Education Leeds will now continue working with the city's other secondary schools and academies to encourage them to also sign up to the scheme.

The new project complements a range of other activities encouraging families to take up their free school meal entitlement and help improve their children's health and concentration. Earlier this year, five videos were made by young people and launched at Mount St Mary's Catholic High School, to be shown in schools and doctors' surgeries, to promote free school meals and highlight their benefits.

Trio in squad for builders' Olympics

Three former students from Leeds College of Building have been selected for a UK squad for an international skills competition – WorldSkills London 2011.
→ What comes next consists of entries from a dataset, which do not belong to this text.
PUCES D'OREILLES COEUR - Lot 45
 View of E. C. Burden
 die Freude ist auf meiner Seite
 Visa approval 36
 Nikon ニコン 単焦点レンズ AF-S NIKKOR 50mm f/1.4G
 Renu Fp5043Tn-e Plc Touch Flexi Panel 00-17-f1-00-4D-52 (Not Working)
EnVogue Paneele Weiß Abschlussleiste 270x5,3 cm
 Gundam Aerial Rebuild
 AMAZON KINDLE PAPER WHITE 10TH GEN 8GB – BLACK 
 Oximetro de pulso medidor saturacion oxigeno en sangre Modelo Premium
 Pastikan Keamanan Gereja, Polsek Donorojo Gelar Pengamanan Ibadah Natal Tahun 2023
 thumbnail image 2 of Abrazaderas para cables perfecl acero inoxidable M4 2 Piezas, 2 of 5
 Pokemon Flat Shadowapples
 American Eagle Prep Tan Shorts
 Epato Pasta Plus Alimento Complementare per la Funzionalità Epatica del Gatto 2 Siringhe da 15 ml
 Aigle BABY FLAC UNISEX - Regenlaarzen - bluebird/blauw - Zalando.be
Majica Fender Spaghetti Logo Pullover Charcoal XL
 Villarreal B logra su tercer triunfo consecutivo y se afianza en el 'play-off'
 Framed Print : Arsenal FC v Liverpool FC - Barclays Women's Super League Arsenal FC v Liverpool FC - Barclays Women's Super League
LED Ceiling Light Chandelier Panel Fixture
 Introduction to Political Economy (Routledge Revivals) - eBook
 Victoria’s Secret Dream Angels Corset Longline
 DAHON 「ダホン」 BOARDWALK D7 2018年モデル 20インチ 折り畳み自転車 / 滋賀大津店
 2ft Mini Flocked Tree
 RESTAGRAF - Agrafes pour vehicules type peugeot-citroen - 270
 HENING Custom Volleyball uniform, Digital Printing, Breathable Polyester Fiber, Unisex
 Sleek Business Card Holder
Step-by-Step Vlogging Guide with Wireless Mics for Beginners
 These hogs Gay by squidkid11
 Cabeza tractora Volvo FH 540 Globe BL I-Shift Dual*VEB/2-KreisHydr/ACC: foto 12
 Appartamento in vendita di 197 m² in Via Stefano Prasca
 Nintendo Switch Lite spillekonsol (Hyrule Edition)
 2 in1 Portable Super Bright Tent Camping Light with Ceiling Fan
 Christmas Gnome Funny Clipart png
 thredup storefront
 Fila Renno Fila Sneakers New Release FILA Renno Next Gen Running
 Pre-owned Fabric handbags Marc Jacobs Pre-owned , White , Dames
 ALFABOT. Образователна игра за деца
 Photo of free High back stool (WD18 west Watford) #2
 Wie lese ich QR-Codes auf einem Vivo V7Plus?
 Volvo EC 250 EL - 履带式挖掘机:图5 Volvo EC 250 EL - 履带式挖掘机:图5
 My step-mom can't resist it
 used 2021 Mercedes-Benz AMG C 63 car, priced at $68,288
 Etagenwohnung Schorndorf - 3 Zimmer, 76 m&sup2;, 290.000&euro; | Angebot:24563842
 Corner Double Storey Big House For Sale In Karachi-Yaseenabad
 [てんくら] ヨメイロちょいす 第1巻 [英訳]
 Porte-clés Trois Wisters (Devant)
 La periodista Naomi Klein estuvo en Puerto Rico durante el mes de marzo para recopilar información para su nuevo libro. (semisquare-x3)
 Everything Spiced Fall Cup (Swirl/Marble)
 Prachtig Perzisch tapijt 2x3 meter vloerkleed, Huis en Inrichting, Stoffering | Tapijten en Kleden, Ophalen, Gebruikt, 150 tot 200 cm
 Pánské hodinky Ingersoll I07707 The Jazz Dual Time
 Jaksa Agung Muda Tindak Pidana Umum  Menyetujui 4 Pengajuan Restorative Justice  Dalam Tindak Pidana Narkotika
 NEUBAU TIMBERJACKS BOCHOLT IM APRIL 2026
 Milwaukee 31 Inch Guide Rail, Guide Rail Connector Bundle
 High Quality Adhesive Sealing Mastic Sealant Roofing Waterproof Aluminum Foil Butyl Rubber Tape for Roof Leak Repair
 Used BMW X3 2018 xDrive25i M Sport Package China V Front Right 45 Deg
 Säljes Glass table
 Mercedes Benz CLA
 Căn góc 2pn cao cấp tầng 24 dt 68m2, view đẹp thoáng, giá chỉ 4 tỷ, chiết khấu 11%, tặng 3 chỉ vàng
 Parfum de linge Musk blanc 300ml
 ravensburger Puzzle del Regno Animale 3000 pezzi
Painter and decorator Tom Waudby, plumber Andrew Gunson and tiler Harry Coyle all completed apprenticeships at the college in 2010 and will now start intensive six-month training before finding out if they have made it into the team that will compete next October against 50 other nations.

Tom is from Bramley and works for Shipley painting and decorating specialists Bagnalls. He said: "Selection has been really tough. We had to beat thousands of students from colleges all over the UK to get to this stage but it's such a great feeling to have made the UK squad."

More than 150,000 people are expected to visit the event in June and the skills represented by Squad UK will range from electrical installation, mobile robotics and web design to cooking, hairdressing and landscape gardening.

Ian Billyard, principal at the college, said: "Tom, Andrew and Harry deserve their places in the squad and we are delighted that the skills they learnt here in Leeds may be on display to the world next year. This UK Squad includes the best of the best and the fact that three of our former students have made it so far is a credit to them, their tutors and their employers."

The trio marked their inclusion in the squad by travelling with the 70 other members to the House of Commons for a special reception.

Leeds College of Building, established in 1960, is the only specialist further education construction college in the UK. Based at seven sites, it has 7,000 students. It was one the first in the region to be awarded full accreditation for the new quality standard, helping meet employer needs.

A lesson in rights at scene of Holocaust

Pupils from a Leeds school travelled to the scene of unspeakable crimes against humanity as part of a course in social justice.

Sixth form pupils from Allerton Grange school, in Moortown, stayed in Krakow's former Jewish ghetto of Kazimierz after travelling to Poland for a four-day visit.

The trip to Eastern Europe was the culmination of a human rights and social justice programme run by the Bradford-based Prism Youth Project.

It involved finding out about the events leading up to the Holocaust, how it happened – and the tragic consequences.

The students stayed in a hostel in the heart of the city's old Jewish quarter and their itinerary included trips to nearby Auschwitz and Birkenau concentration camps, where an estimated 2.5 million people died in the gas chambers.

Nick Dutton-Taylor, social science teacher at Allerton Grange, said: "As a school we were very privileged to have been selected to take part in this programme and it proved to be a life-changing experience for all our students.

"Birkenau is the larger of the two places and, unlike the main camp at Auschwitz, which has been converted into a museum, it is more or less in the same state it was found in when it was liberated in 1945.

Even though it was uncomfortable and upsetting viewing, this particular part of out visit will probably linger in the memory longer than any other aspect of the trip."

The human rights and social justice programme is backed by a range of organisations including Amnesty International, Bradford University's Peace Studies Departmen, the Anti-Nazi League, and the Liverpool Slavery Museum.